[COLLECTED MATERIAL Boundary: Start]
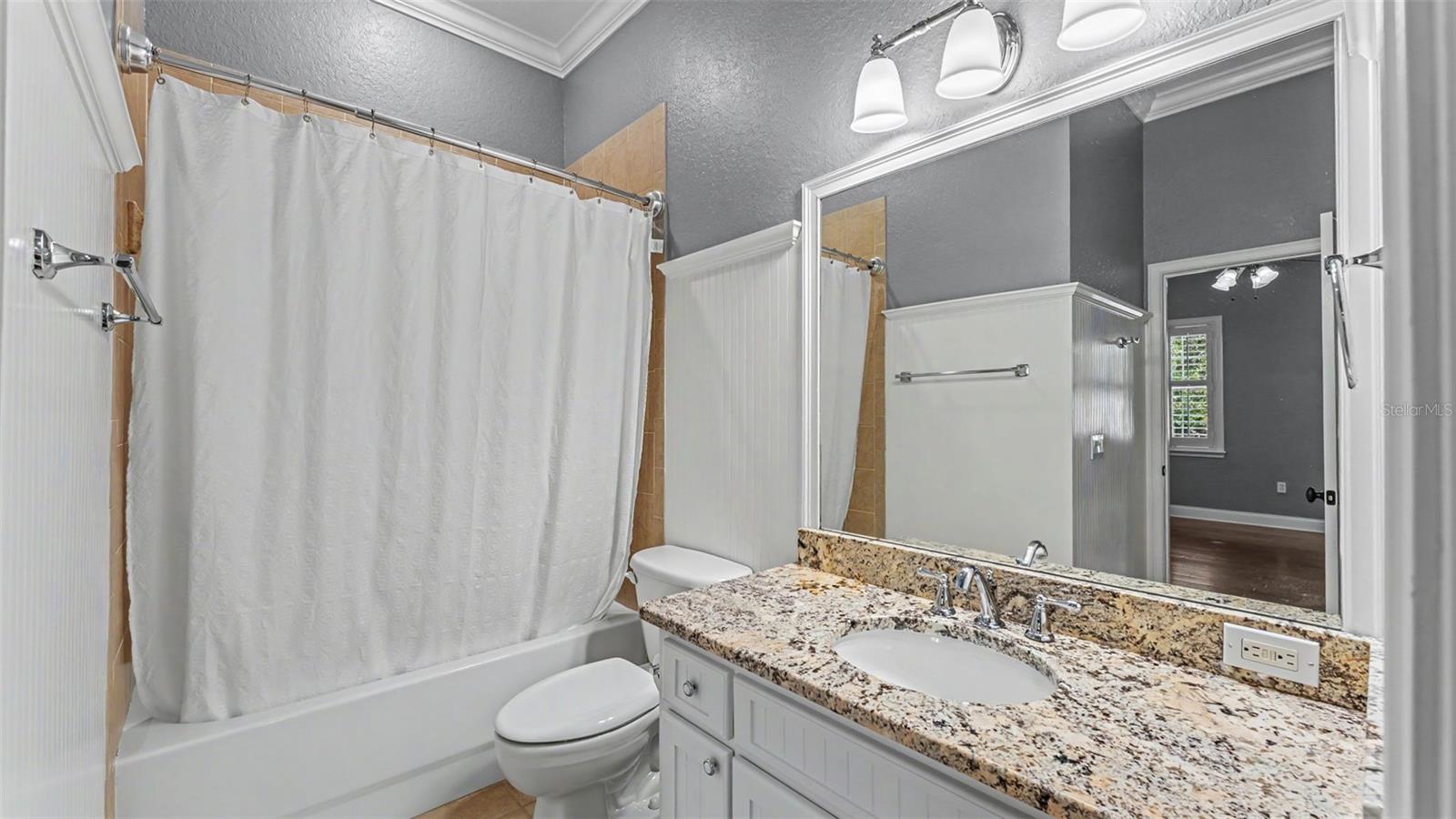ASHTON OAKS - Residential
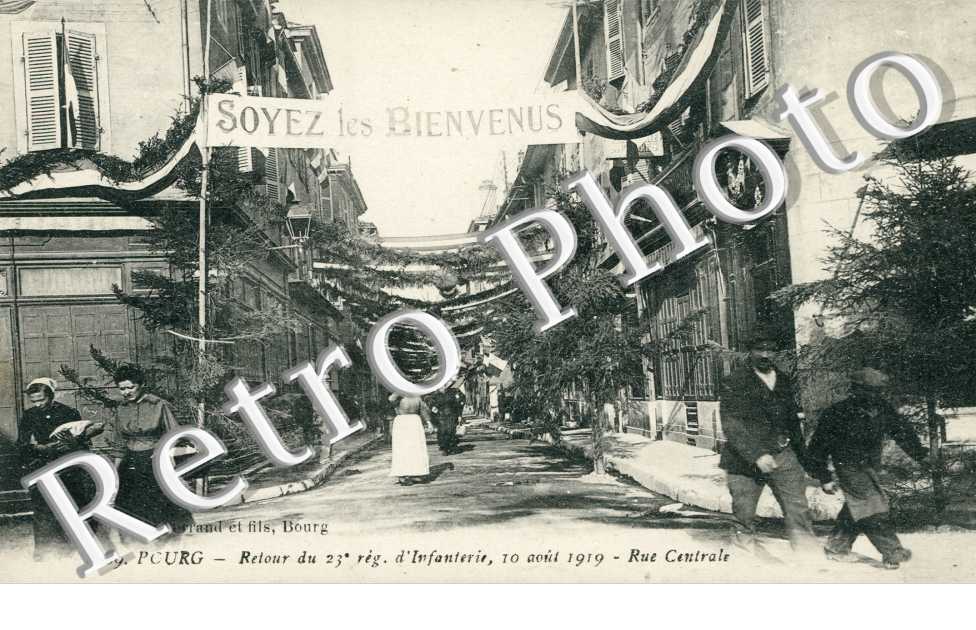 RUE CENTRALE LE 10 AOUT 1919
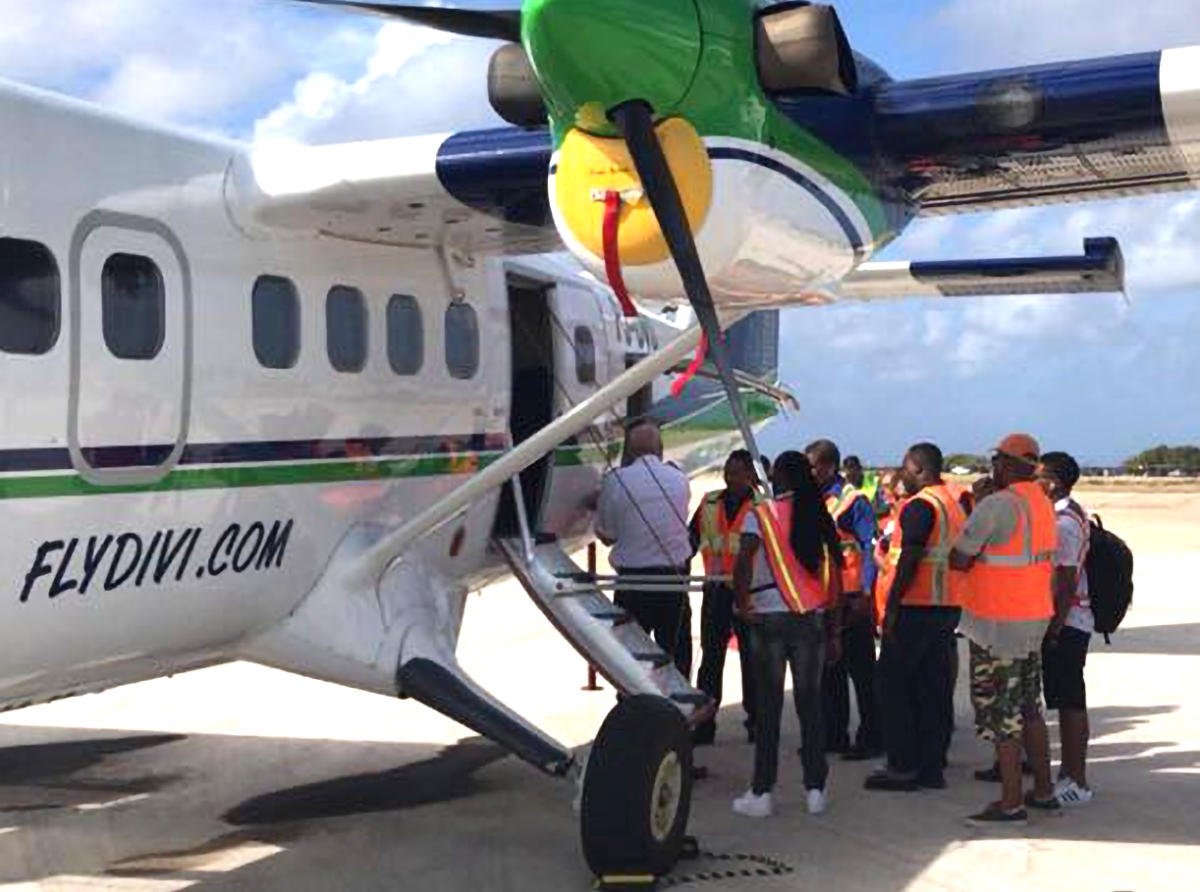 Panico riba vuelo di Aruba pa Curaçao ora porta di Twin Otter a dal habri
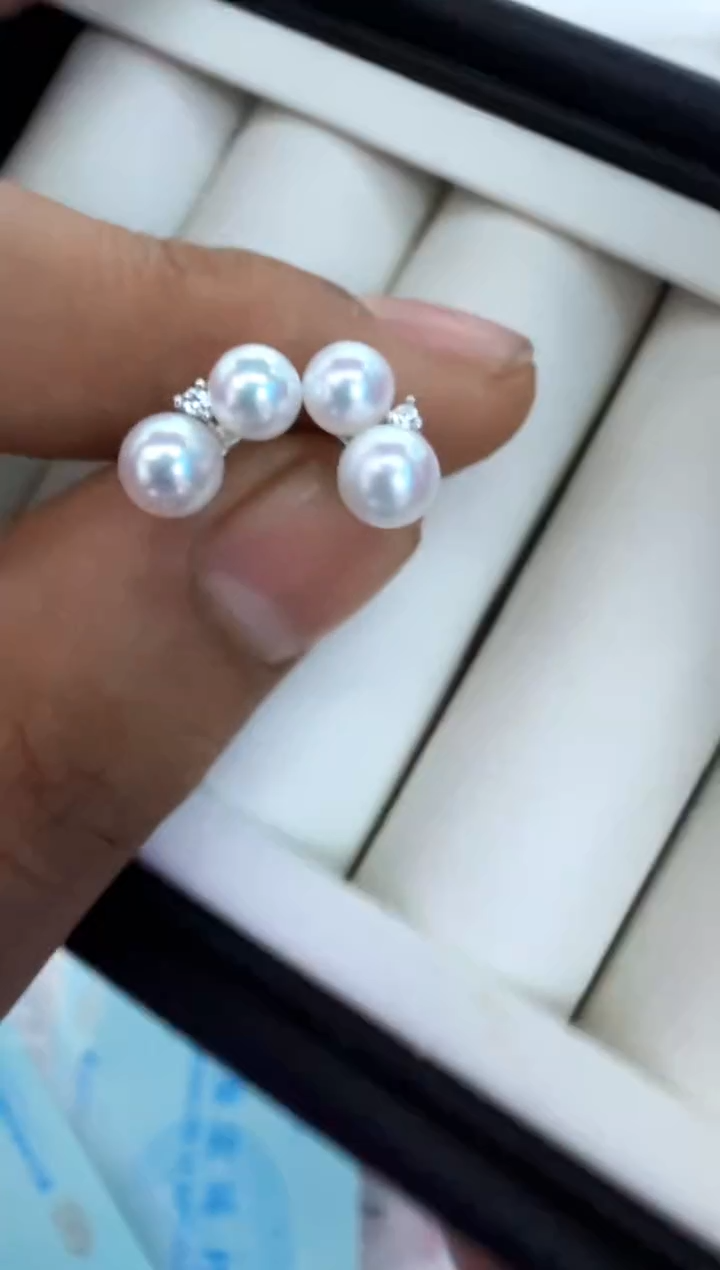 【闪购商品】海水珍珠耳饰银S925镶嵌耳钉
[COLLECTED MATERIAL Boundary: End]
| ASSIGNMENT |
The response has to be an exact copy of all the data, pictures excluded.

| EXPECTED OUTPUT |
ASHTON OAKS - Residential
 RUE CENTRALE LE 10 AOUT 1919
 Panico riba vuelo di Aruba pa Curaçao ora porta di Twin Otter a dal habri
 【闪购商品】海水珍珠耳饰银S925镶嵌耳钉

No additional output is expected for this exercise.